→ **What to work on**
From the line containing "TAEYEON 태연 - Weekend (Empty Arena Ver.) 🎧" to the line containing "The year that" in the records below, set down every line exactly as it stands, both ends included, and skip the pictures.

→ **Data to examine**
Start of Block
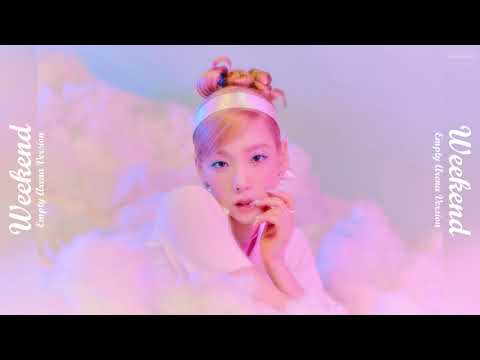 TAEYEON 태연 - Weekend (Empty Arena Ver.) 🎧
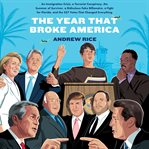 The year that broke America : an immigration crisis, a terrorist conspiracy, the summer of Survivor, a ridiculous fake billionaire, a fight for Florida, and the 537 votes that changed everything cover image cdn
End of Block
Start of Block
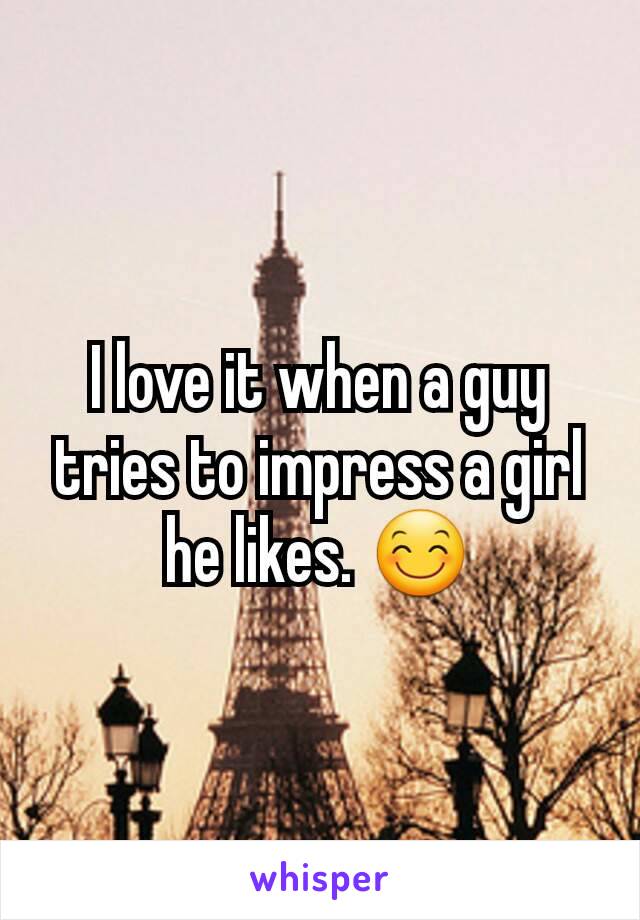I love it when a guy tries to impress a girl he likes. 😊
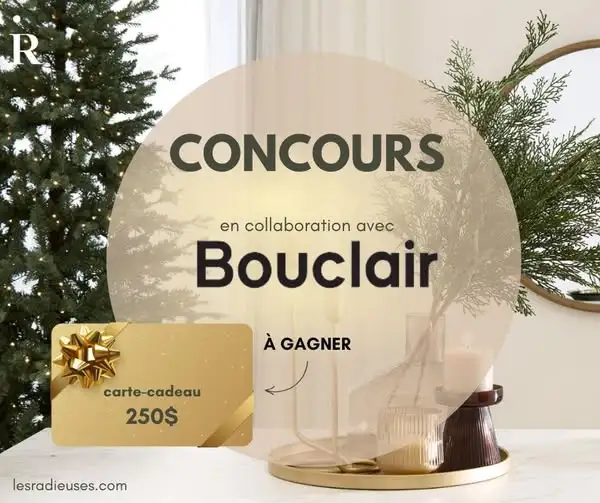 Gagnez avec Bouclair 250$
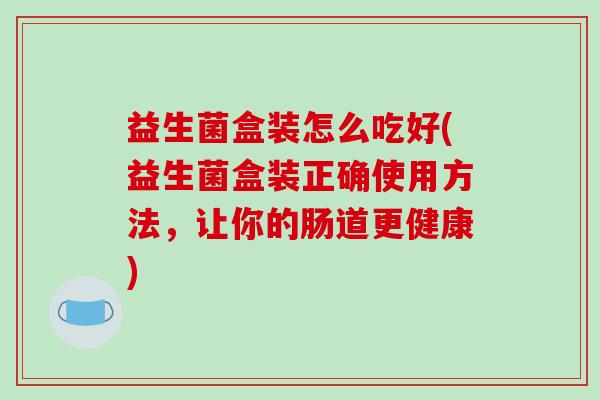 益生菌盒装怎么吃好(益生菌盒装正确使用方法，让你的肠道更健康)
End of Block
→ **Exercise answer**
 TAEYEON 태연 - Weekend (Empty Arena Ver.) 🎧
 The year that broke America : an immigration crisis, a terrorist conspiracy, the summer of Survivor, a ridiculous fake billionaire, a fight for Florida, and the 537 votes that changed everything cover image cdn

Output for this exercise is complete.